But, maybe I'm just plain underestimating the complexity of that.

@bradzacher
Copy link
Member

This makes me think that it's already written in such a way to be an "overlay" of scopes. If you only ever do this once per list of lib stuff, then each file can just re-nest from that and work.

This is correct but we cannot add a new scope to the hierarchy. Doing so would break many invariants and assumptions that exist in lint rules.

We also have to be careful because scopes are mutable - eslint will write the set of configured globals to them for each file. So we need to be careful about memoising unsafely - we need to do so in such a way that we are not opening the door to contamination of the memoised value.

@jakebailey
Copy link
Collaborator

Hm, if everything inherits from the same scope anyway, is it a bad idea to add the elements from lib once to the initial scope manager (the one that gets passed in directly)? Or is that also dangerous?

@bradzacher
Copy link
Member

if everything inherits from the same scope anyway

Everything doesn't inherit from the same scope - each file that is parsed creates a new instance of the global scope.

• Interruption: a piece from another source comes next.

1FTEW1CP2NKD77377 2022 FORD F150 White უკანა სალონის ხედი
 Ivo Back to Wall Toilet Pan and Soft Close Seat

That's how isolation is achieved right now.

The name "global scope" is misleading here - it's not "global and shared between files", it's just "global variables that a given file can see".

@jakebailey
Copy link
Collaborator

Oh, that's unfortunate, I was hoping for some abilitiy for copy-on-write here :(

@bradzacher
Copy link
Member

Nah sadly what happens is that you can have a different global environment for each file - eg a test file has the jest globals, a react file has the web globals, a server/ file has the node globals. You can even technically configure different ES versions per file in eslint.

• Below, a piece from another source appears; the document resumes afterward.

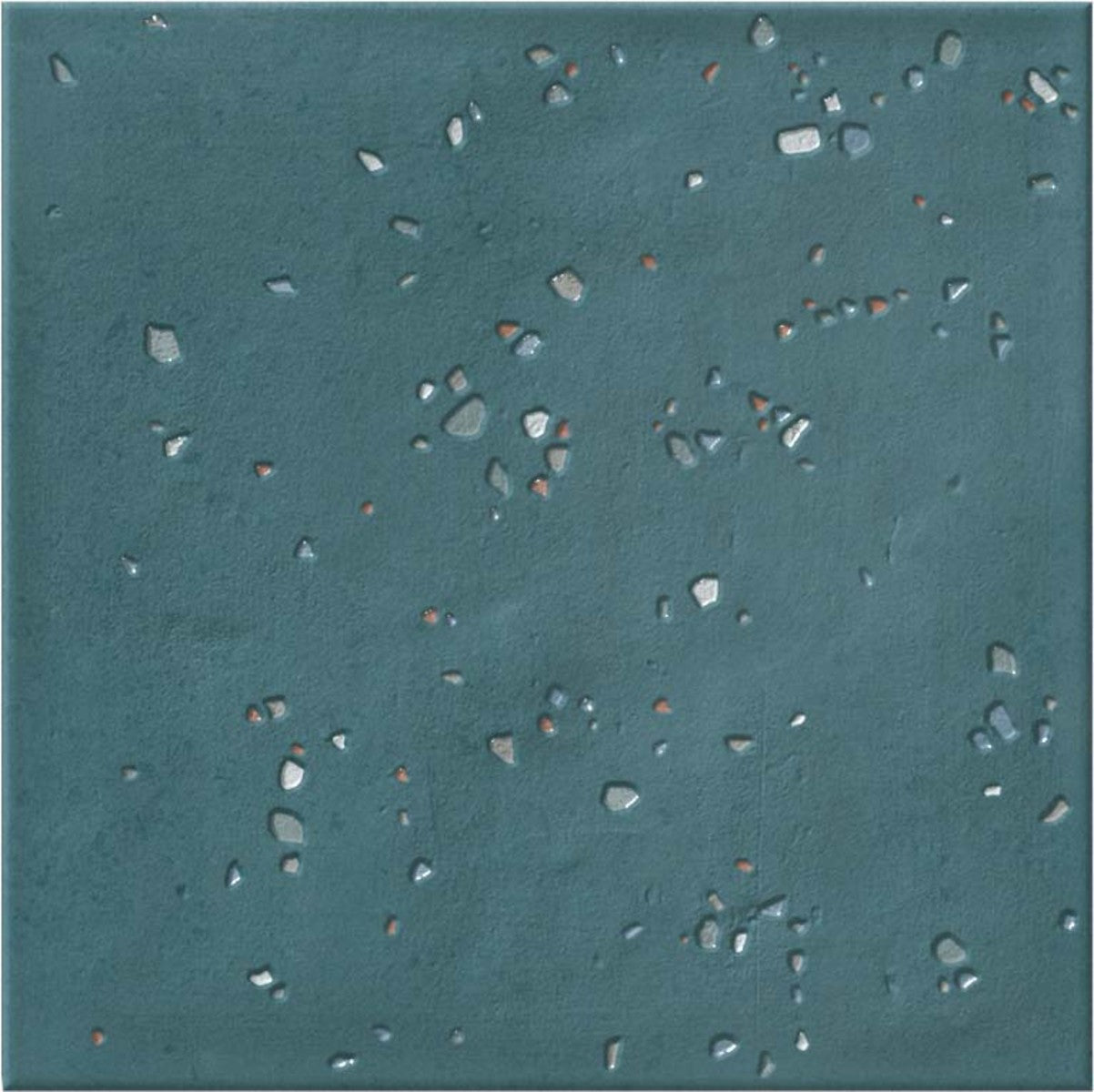 Stardust Ocean 6x6 Pebbles Decorative Tile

So there isn't a "canonical global" environment.

In reality there's a few small sets of global scopes across a lint run - however eslint doesn't tell us that. It doesn't tell us anything - it just asks for a scope manager and then it populates the global scope with variables afterward.

I was hoping for some abilitiy for copy-on-write here

Sadly yeah the usage of a Map fucks us here too - we can't even use a Proxy easily to have a single shared but locally overwriteable setup. We'd have to proxy or subclass the Map to do that. It's doable but it would be hard and icky.

But if we can save time then it might be worth it at scale.

@auvred
Copy link
Member

auvred commented Jul 24, 2024

The main issue is that every global variable should expose mutable references field:

/**
* List of {@link Reference} of this variable (excluding parameter entries) in its defining scope and all nested scopes.
* For defining occurrences only see {@link Variable#defs}.
* @public
*/
public readonly references: Reference[] = [];
/**
* Reference to the enclosing Scope.
*/
public readonly scope: Scope;

These references are unique for each global variable for each file.

Imagine

// file1.ts
Promise.resolve()

// file2.ts
Promise.resolve()
Promise.reject()

In file1.ts the global variable "Promise" has one reference, but in file2.ts it has two references. Therefore, we cannot reuse the same object for a global variable in multiple linted files :(


I reduced mean lint time for files-1024-layout-even-singlerun-false-types-service locally from 4.694 s ± 0.090 s to 4.261 s ± 0.072 s (9-10 % faster) by creating ImplicitLibVariable once for each global variable and wrapping it in a Proxy that proxies scope and references to unique ones.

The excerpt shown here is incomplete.